林薄雪蹲下来,温软的目光註视着,什么深刻话都说不出来,像很多次来的时候一样,逐渐红了眼眶,抽了抽鼻子,“父亲,我过得很好,大家都很好。”
他没有像父亲说的放下一切,反而抗起了一切责任,虽然难处很多,并没有太多的进展,但总算看到几丝光亮。
“这是楚渊,您第一次见…”
楚渊静静站在旁边,俯身鞠了两躬。
他陪着自己说谎的小兔子,待在墓碑前许久。
——伯父,我会照顾好他。
他早已比我的生命更重要。
结束后,楚渊开车送他回家。
但这次,楚渊没有上去,林薄雪以为他要上班,乖乖的自己坐电梯上楼,回家休息。
白天的房间是安安静静的,最闹腾的小阿瑾去了幼儿园。
他打开电脑,开始处理文件。
…
燕市,警察局。
楚渊带着律师出现的时候,楚涵并不意外,这个法子早在南林市,对她儿子用过一次了,不新鲜了。
他们有律师,她又不是没有。
这么多年下来,颠倒黑白的本事,她也是会的。
“楚女士,我们正式对您提起诉讼。”
楚涵立刻道:“我要我的律师来。”
楚涵的律师来的很快,看起来早有准备,楚渊靠坐在一边,神色淡淡的听着双方对话,眉眼间环绕着阴鸷的气息,似乎不打算出手。
“您方所说故意伤人,我方提出否认。”
“10号晚,楚女士过度服用酒水,造成行为失控,此乃过失行为…”
楚渊冷淡的敲了敲桌面。
律师立刻:“打断一下,我方起诉的内容不止一个,其中最重的,是楚女士涉嫌挪用公司的账目。”
“另外,我方有明确的监控证据,全方位展现楚女士当晚的情况,表明她当晚滴酒未沾。”
楚涵脸色苍白,瞪了一眼自己的律师。
不是说好能把她带出去吗?
她面容苦涩,颤抖着挤眼泪,开始打起感情牌,“阿渊,你一定要对姑姑这样嘛,你父亲知道了,也不会饶过你的。”
楚渊纹丝不动,甚至笑了起来,不再是彼时容易激怒的少年人,他变得冷静,也变得更加冷血,“姑姑是忘了吗?您曾经说过的,我从小顽劣,哪有什么父亲管我啊。”

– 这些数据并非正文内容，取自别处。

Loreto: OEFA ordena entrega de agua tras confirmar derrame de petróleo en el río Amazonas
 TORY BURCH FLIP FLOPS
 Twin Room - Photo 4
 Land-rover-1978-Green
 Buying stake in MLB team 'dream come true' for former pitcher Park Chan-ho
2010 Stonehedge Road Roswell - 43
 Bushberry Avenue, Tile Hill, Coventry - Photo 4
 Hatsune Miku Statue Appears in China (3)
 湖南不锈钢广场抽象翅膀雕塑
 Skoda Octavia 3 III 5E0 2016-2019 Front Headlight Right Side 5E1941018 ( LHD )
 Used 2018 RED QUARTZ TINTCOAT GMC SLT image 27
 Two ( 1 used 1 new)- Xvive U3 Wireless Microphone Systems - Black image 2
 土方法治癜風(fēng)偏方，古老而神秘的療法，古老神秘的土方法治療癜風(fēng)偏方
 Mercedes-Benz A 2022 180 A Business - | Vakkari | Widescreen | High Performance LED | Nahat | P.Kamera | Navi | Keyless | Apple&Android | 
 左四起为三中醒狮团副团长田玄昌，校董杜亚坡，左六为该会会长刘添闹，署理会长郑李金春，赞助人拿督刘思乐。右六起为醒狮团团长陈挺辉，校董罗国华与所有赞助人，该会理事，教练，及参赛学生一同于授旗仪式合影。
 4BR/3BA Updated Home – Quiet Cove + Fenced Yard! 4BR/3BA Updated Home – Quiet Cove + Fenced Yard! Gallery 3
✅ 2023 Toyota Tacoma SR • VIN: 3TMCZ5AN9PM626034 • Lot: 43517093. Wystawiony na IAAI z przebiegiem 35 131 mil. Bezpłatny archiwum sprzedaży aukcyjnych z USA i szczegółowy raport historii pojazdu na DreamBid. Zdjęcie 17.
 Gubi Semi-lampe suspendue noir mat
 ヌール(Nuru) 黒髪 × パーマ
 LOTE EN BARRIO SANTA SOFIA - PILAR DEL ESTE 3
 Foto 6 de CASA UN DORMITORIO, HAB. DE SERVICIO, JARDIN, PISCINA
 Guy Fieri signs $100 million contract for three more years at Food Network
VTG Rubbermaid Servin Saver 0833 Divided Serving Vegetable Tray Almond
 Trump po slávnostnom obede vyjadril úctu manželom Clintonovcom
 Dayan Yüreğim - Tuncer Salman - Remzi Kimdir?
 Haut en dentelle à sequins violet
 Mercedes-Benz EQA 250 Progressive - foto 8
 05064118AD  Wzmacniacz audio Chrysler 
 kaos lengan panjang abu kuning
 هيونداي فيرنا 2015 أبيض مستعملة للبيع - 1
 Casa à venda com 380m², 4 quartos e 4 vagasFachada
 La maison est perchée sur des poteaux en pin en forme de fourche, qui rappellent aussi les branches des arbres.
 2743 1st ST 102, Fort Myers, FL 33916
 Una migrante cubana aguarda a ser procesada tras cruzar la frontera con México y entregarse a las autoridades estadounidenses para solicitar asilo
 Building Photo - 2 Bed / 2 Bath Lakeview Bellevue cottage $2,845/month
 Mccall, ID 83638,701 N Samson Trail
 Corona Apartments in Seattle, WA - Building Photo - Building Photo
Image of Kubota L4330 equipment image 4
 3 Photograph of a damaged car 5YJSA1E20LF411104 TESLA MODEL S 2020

楚渊理了理袖子,神色疏离,他站了起来,拉开椅子,“在楚家,有父亲的人,只有楚麟,这些话,你应该对他去说。”
楚渊头也不回的离开了,留下律师处理。
或许但凡今天楚家来的换一个人,楚涵都会有出去的可能,楚涵这时才知道,自己是真的得罪错人了。
楚渊今天有点累,他并没有回去。
这段时间一直在压抑,现在看起来便是一副失控的模样,尤其是当他反覆观看林薄雪受伤的视频,无形中加速了他的黑暗情绪。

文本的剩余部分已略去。